■ What to do ■
From the records that follow, return exactly the lines beginning at the one that contains "Let's write a" and ending at the one that contains "Go back to the", pictures left out.

■ Records for the task ■
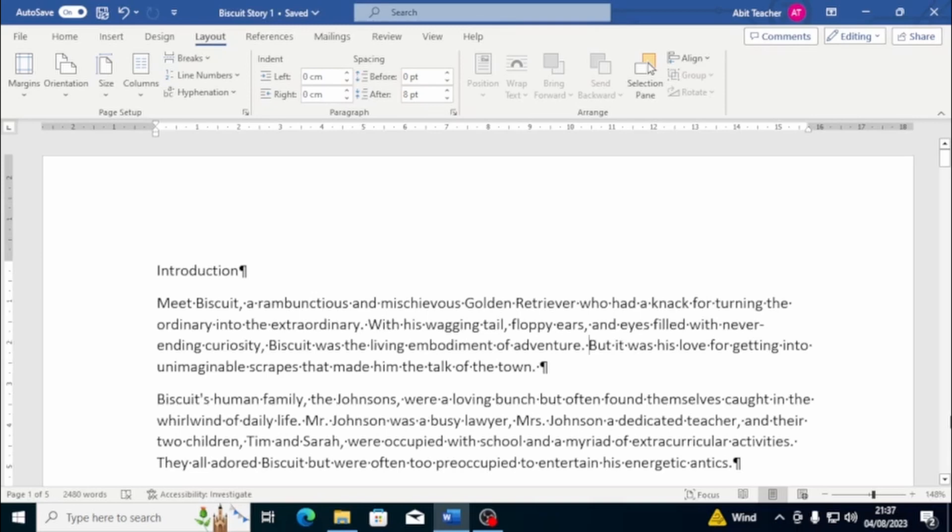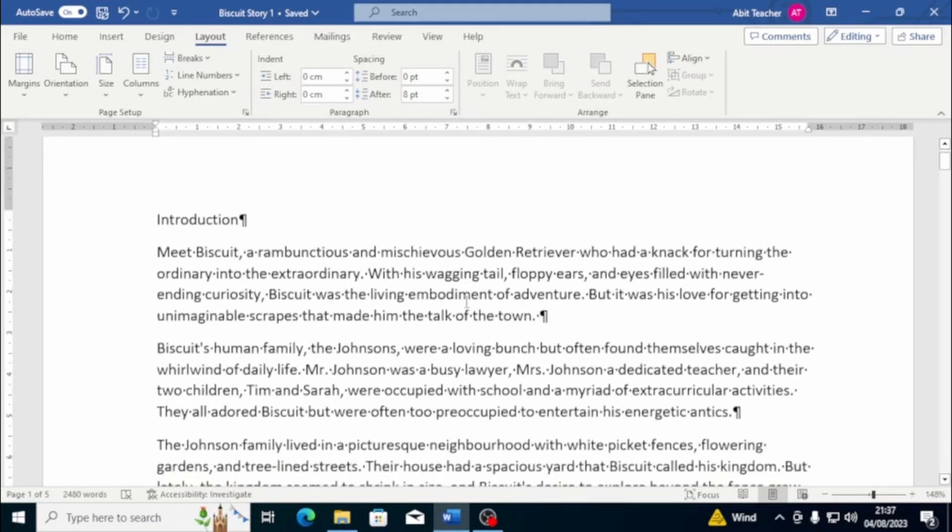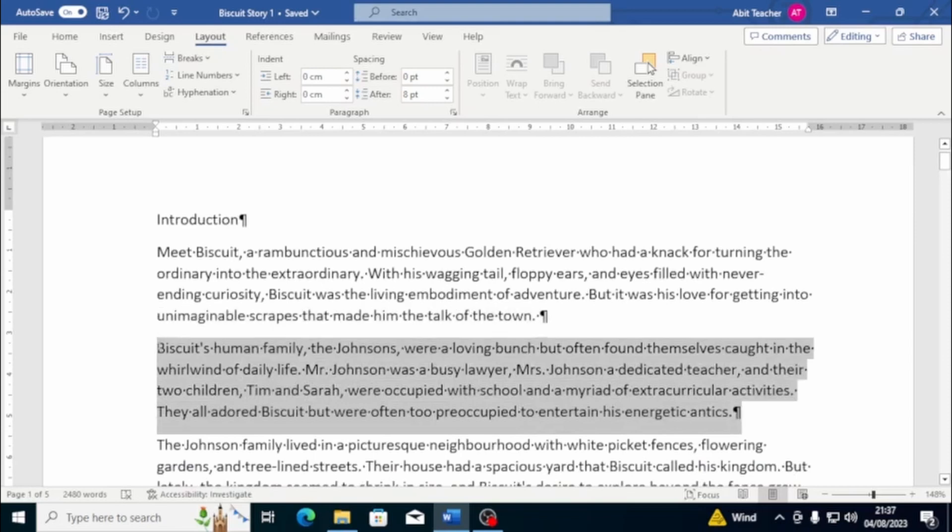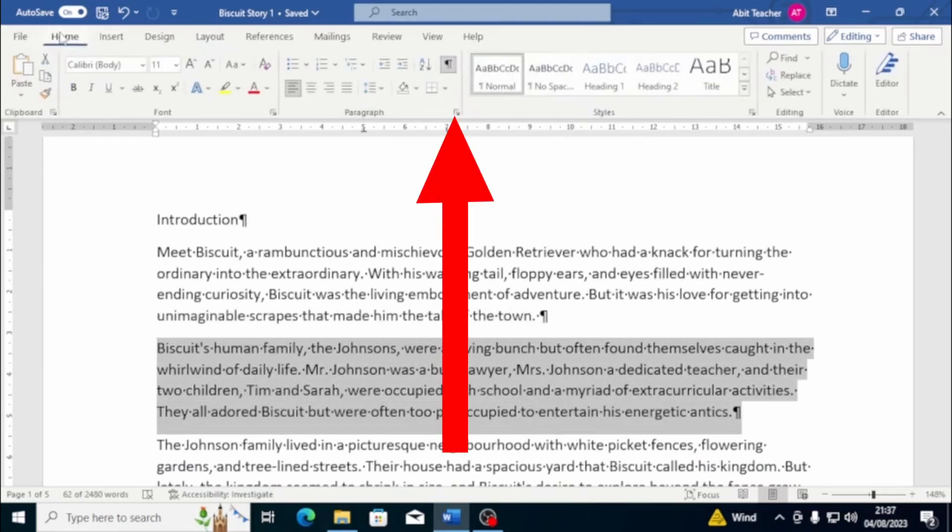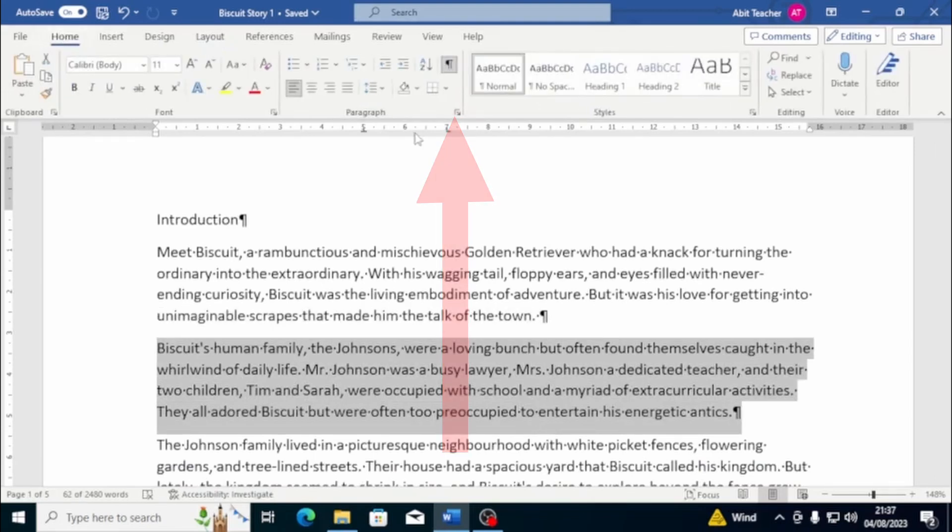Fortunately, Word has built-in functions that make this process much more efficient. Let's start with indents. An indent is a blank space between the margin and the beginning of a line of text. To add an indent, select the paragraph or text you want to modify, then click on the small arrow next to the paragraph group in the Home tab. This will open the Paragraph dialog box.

---

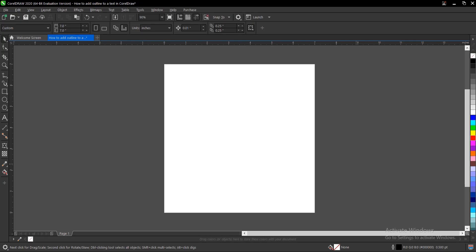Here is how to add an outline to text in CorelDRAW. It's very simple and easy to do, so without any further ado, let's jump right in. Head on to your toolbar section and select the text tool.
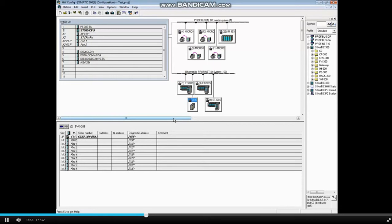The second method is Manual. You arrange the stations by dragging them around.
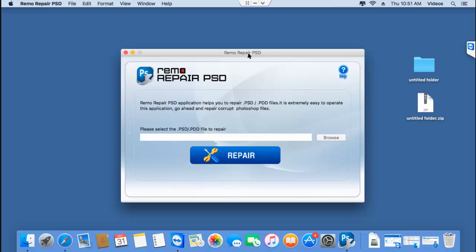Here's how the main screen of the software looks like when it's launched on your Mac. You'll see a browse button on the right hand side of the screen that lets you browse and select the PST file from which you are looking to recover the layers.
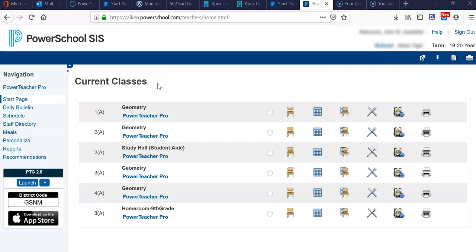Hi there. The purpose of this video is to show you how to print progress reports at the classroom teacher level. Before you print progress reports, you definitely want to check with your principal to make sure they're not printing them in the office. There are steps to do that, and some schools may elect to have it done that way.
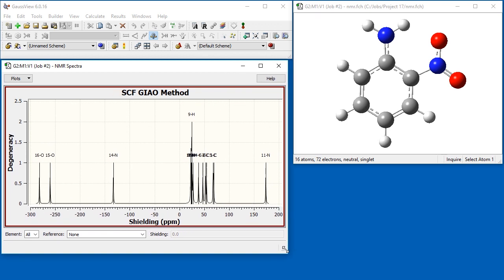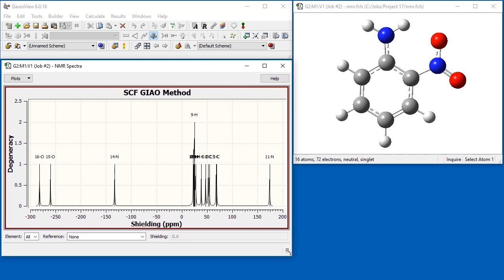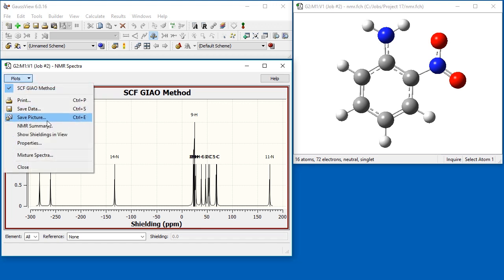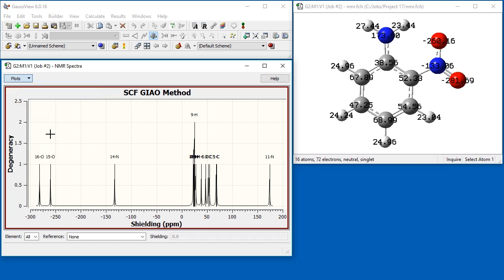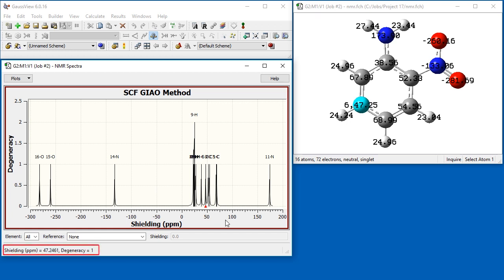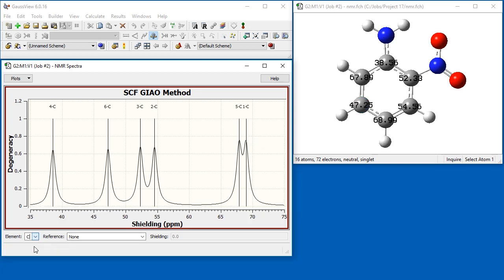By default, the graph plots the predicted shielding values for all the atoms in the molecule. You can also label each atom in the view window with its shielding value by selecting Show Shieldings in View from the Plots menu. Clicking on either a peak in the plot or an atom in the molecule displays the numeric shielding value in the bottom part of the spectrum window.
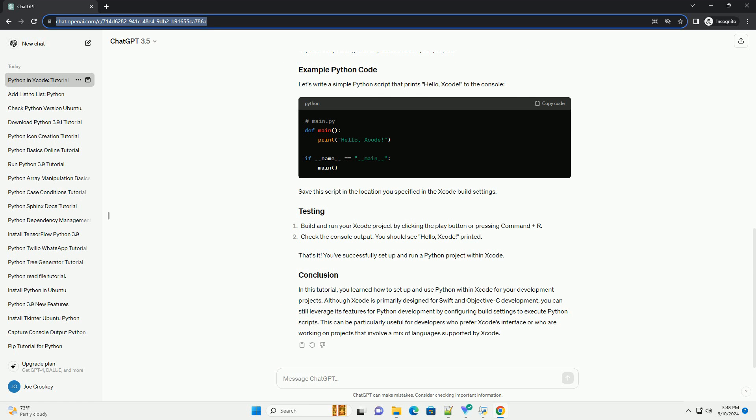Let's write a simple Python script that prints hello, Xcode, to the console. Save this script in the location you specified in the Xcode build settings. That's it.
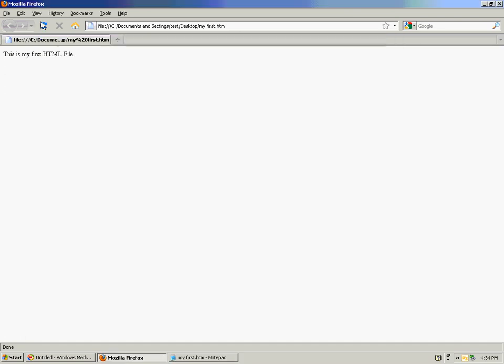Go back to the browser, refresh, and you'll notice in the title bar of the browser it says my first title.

■ Answer section ■
Let's write a simple Python script that prints hello, Xcode, to the console. Save this script in the location you specified in the Xcode build settings. That's it.
Go back to the browser, refresh, and you'll notice in the title bar of the browser it says my first title.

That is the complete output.